Langit Jakarta Jumat malam (18/2) lalu terbilang cerah, tak ada gugusan awan, apalagi hujan yang menghalangi sinaran bulan purnama. Untunglah, karena cuaca itu sangat mendukung untuk berlangsungnya konser rilis album kedua Trisum bertajuk Five in One di sebuah panggung yang terletak di Rolling Stone Café. Pukul setengah sembilan, 90 menit mundur dari jadwal tertulis, akhirnya panggung mulai bergetar.
Sebelum memasuki venue, tiap penonton dibekali sebuah CD gres Trisum berjudul Five in One yang berisi sembilan trek hasil garapan Dewa Budjana, Tohpati, Balawan, dan Indro. Kejenuhan audiens yang hampir puncak akhirnya terobati dengan nomor pembuka pertunjukan “Five in One,” memicu adrenalin lewat riff gitar distorsif khas heavy metal, hentakan drum energik, serta dentuman bas yang suportif. Judul album kedua itu sekaligus menegaskan bahwa kini Trisum sejatinya adalah berlima, dengan masuknya Indro sebagai basis dan Yesaya Wilander Soemantri (Echa) selaku penabuh drum serta keduanya menjadi anggota tetap.
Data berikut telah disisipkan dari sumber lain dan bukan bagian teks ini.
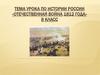 Отечественная война 1812 года  (8 класс)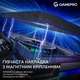Підставка для ноутбука GamePro (CP950) - зображення 7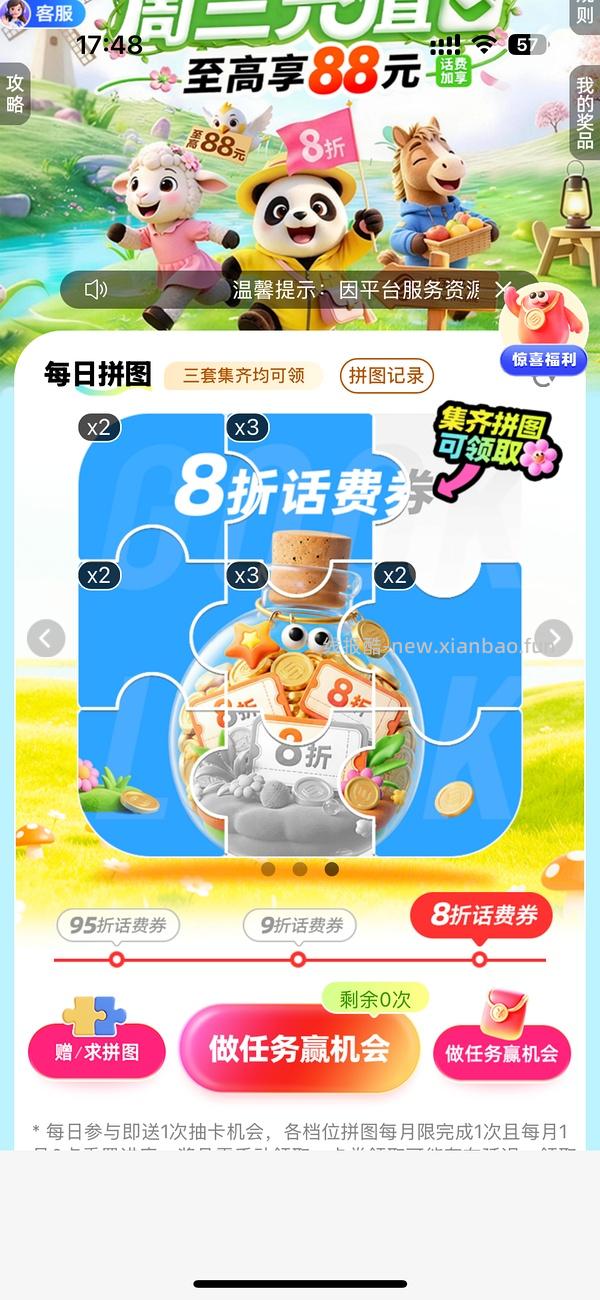 移动话费每月稳定8折，拼图互换 - 线报酷
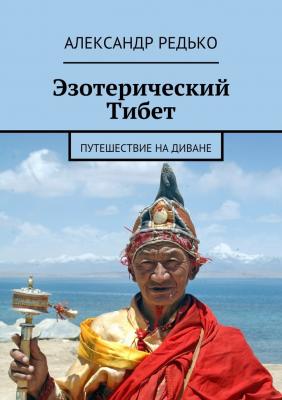 Эзотерический Тибет. Путешествие на диване - Александр Редько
Tak hanya menyuguhkan hingar-bingar dan lengkingan gitar elektrik, ketiga pendekar gitar itu pun duduk manis sembari memainkan gitar akustik. Balawan memecah tawa hadirin waktu ia berkelakar, “saya sebenarnya agak takut kalau disuruh main akustik, mainnya banyak, bayarannya sedikit, dan bikin jari sakit,” dengan logat Bali kental. Apapun alasannya, mereka bertiga tampil atraktif ketika melantunkan komposisi Balawan, “Love to Be Around You” dan “All You Can Eat” yang berpola ritmis interlocking dengan teknik slapping oleh Tohpati dan guitar banjo Budjana. Bahasa musikal berupa trading fours terdapat pada hampir tiap nomor. Kelimanya berakrobat lewat ide-ide spontan responsorial yang seringkali di luar dugaan. Salah satunya tampak dalam “Unyil” yang dirombak bergaya fusion dan rock progresif.
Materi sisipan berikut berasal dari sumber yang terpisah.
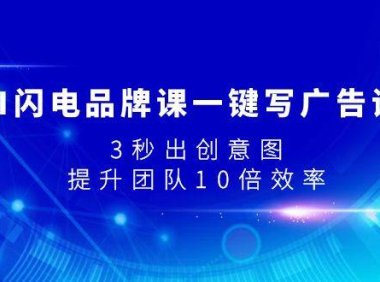 AI闪电品牌课一键写广告语,3秒出创意图,提升团队10倍效率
Basis Indro turut beraksi waktu memainkan komposisi gubahannya, “Bread Jam Bread” yang awalnya berupa solo bas dan tak lama berselang drummer Echa menyambangi dengan pukulan dan tendangan merentak. Jadilah sebuah jam session drum dan bas memikat, diamini oleh riuh decak kagum dan tepuk tangan audiens. Sebuah komposisi yang paling terasa nuansa jazz-nya adalah “Bubi’s” oleh Budjana yang berdenyut swing, bentuk rekognisi atas pianis jazz senior Bubi Chen.
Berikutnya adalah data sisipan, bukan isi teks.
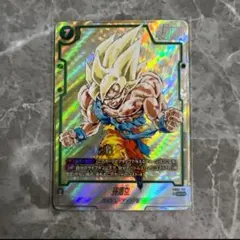 フュージョンワールド リミテッド パラレル 孫悟空 FP-034 激怒 - メルカリ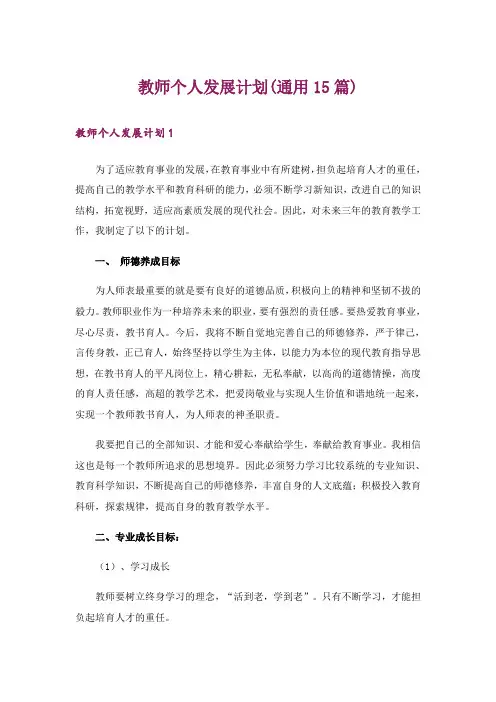 教师个人发展计划(通用15篇)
Konser hampir usai waktu nomor milik Tohpati, “Rahwana” dimainkan. Komposisi yang meleburkan unsur etnik, fusion, dan rock progresif lewat sinkopasi serta unison njelimet pada tema utama. Dalam bagian ini, Budjana kembali beraksi dengan guitar banjo-nya. Setelah diprovokasi oleh penonton, kelimanya — yang telah turun panggung, akhirnya memberikan encore sebuah trek dari album pertama, aransemen Tohpati atas lagu tradisional “Cublak-Cublak Suweng” yang menyelipkan olahan ritme gamelan Bali. Setelah itu, pertunjukan barulah benar-benar tuntas.